YOUR TASK
All lines below between the line with "Outdoor café terrace" and the line with "Free photo young", including both, must be copied exactly, and the pictures must be omitted.

------------------------------------------------------------

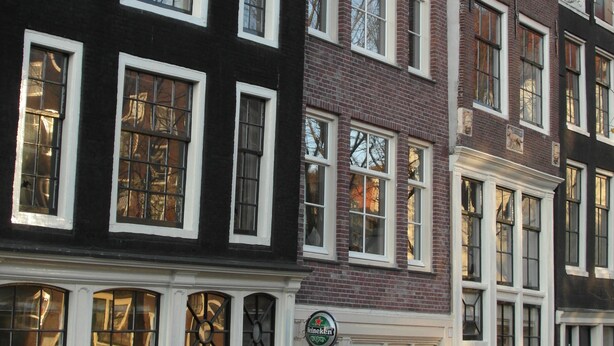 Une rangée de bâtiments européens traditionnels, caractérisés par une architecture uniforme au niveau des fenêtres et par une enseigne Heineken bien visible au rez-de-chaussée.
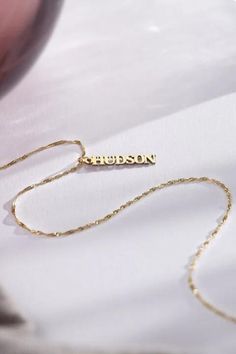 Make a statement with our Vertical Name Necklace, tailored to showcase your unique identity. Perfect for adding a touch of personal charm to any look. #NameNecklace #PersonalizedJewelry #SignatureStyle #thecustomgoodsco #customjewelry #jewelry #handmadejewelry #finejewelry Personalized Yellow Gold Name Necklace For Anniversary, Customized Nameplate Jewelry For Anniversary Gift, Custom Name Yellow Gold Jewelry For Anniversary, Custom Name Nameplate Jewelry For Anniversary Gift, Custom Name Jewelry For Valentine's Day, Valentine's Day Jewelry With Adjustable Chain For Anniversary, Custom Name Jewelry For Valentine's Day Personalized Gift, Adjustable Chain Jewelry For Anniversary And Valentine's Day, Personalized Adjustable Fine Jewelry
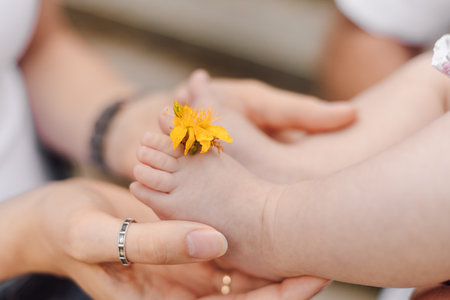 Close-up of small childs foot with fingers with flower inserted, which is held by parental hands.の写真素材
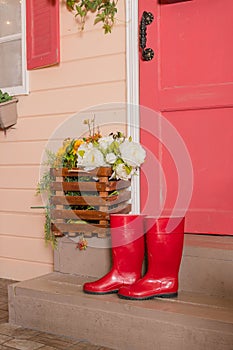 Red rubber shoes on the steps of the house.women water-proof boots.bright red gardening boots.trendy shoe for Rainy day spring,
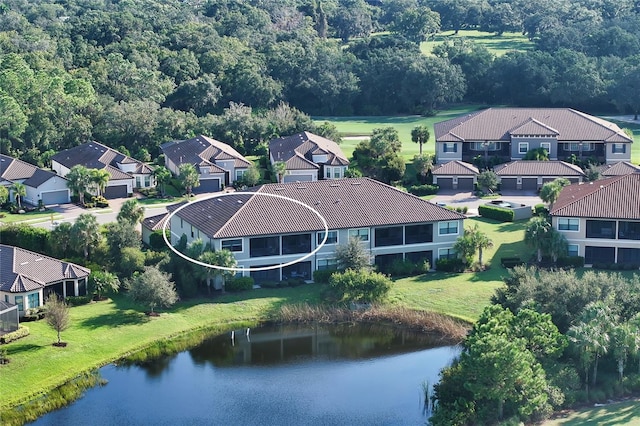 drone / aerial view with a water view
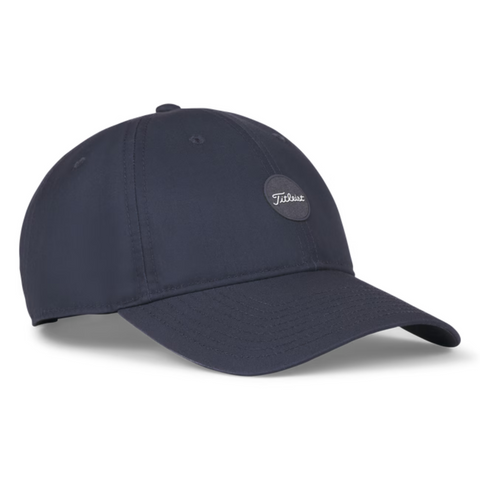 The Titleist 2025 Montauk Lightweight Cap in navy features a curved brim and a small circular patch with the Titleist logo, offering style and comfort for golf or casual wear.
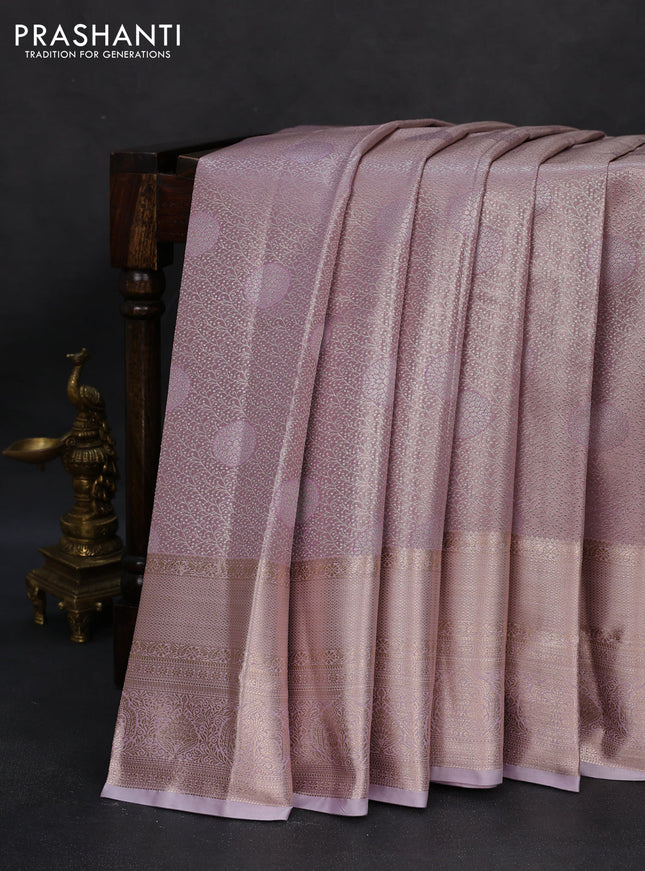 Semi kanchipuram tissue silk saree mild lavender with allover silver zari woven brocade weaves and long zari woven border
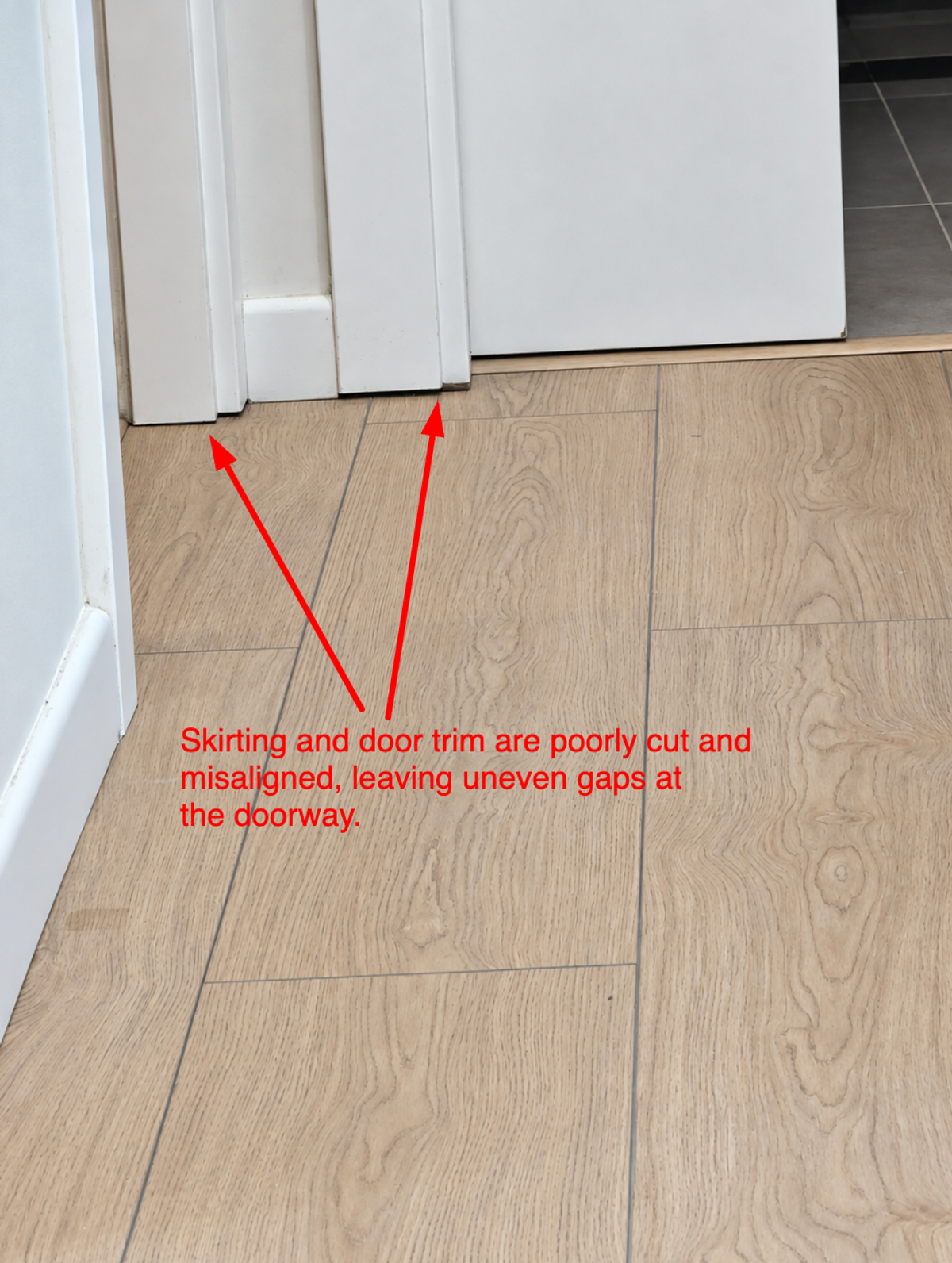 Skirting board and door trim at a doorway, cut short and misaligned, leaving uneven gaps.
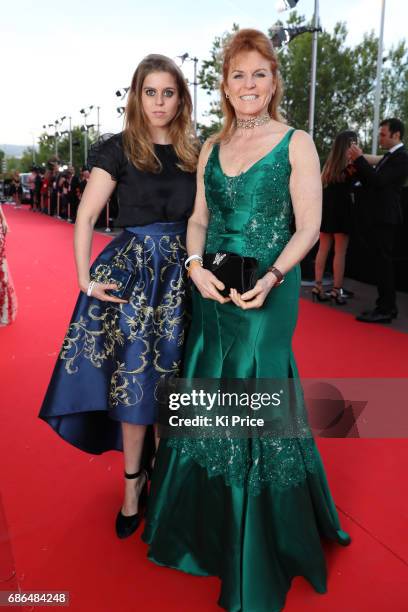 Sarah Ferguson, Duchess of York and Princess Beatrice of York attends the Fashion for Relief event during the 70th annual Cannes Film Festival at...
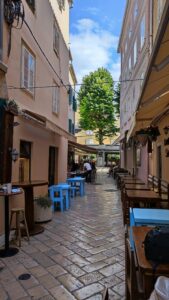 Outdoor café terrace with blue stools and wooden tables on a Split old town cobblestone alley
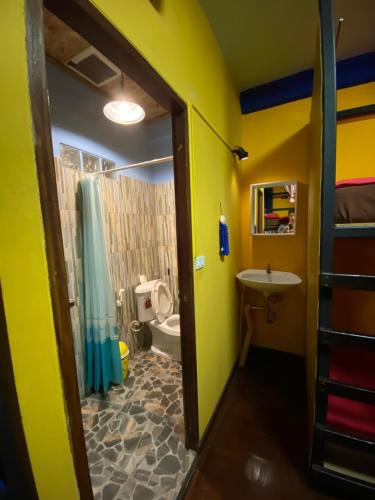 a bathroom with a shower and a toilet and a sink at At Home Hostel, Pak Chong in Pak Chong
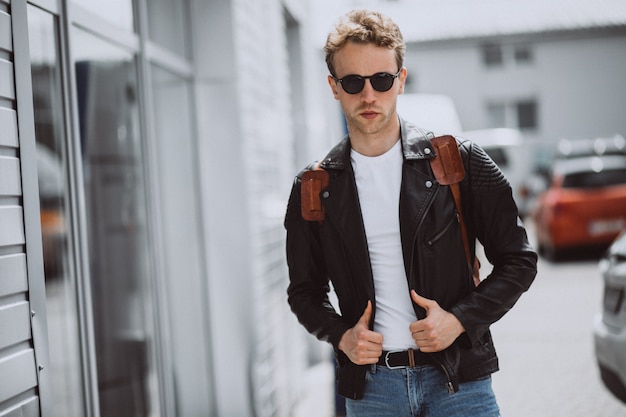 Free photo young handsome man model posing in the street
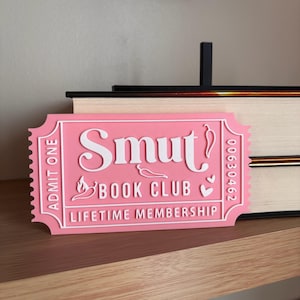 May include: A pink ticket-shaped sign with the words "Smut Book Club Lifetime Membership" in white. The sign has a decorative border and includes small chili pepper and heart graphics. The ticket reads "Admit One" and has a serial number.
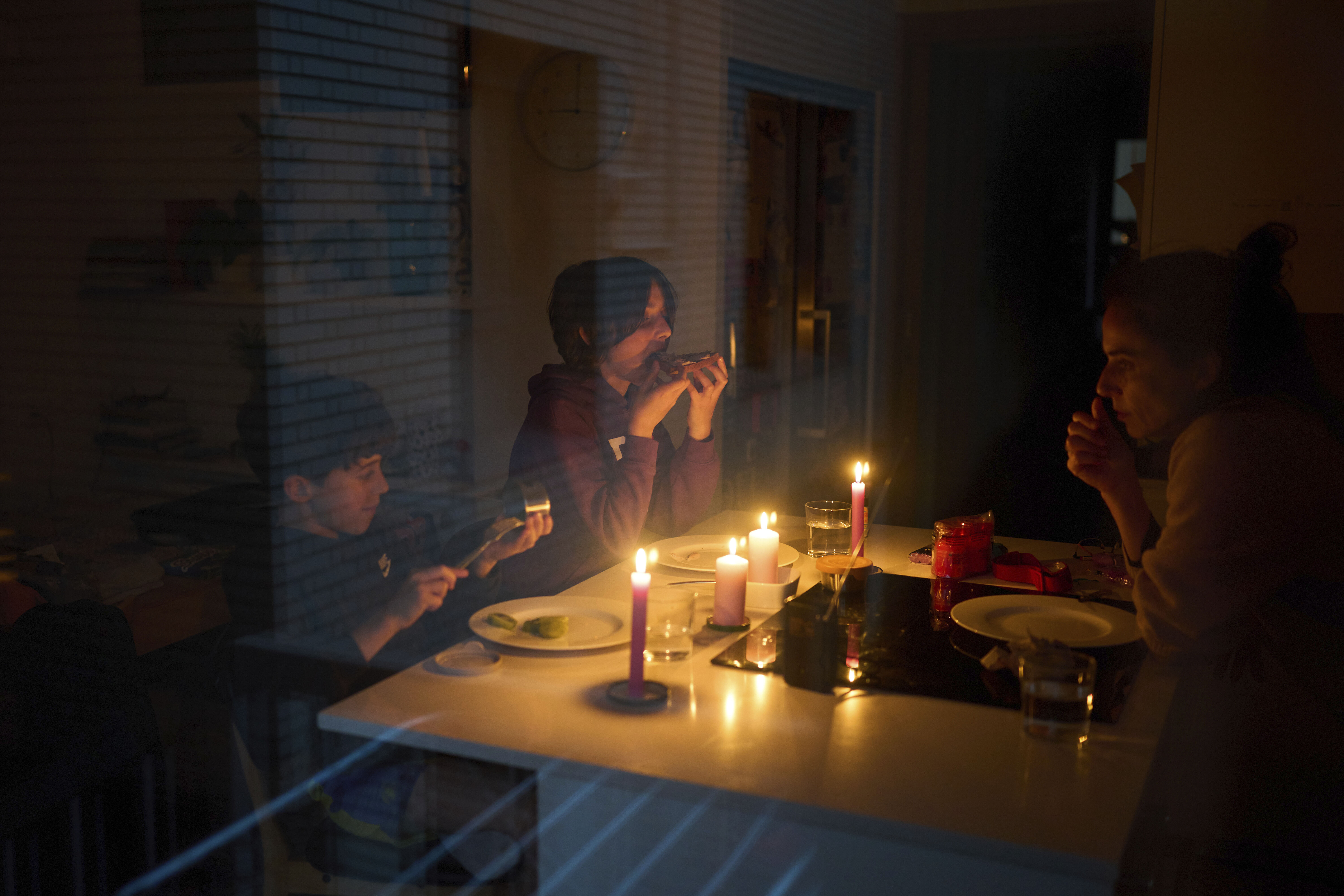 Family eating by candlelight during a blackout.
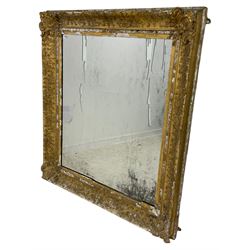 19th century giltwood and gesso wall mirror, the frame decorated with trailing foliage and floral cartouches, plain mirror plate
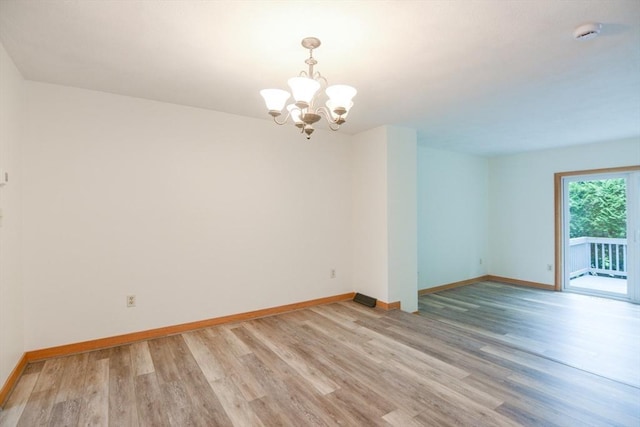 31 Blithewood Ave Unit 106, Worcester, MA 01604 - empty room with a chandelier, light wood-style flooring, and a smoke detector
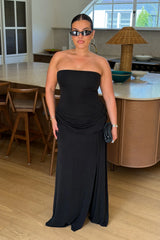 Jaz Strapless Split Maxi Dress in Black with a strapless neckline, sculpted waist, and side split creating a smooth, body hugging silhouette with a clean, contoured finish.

------------------------------------------------------------

ANSWER SPACE
 Outdoor café terrace with blue stools and wooden tables on a Split old town cobblestone alley
 a bathroom with a shower and a toilet and a sink at At Home Hostel, Pak Chong in Pak Chong
 Free photo young handsome man model posing in the street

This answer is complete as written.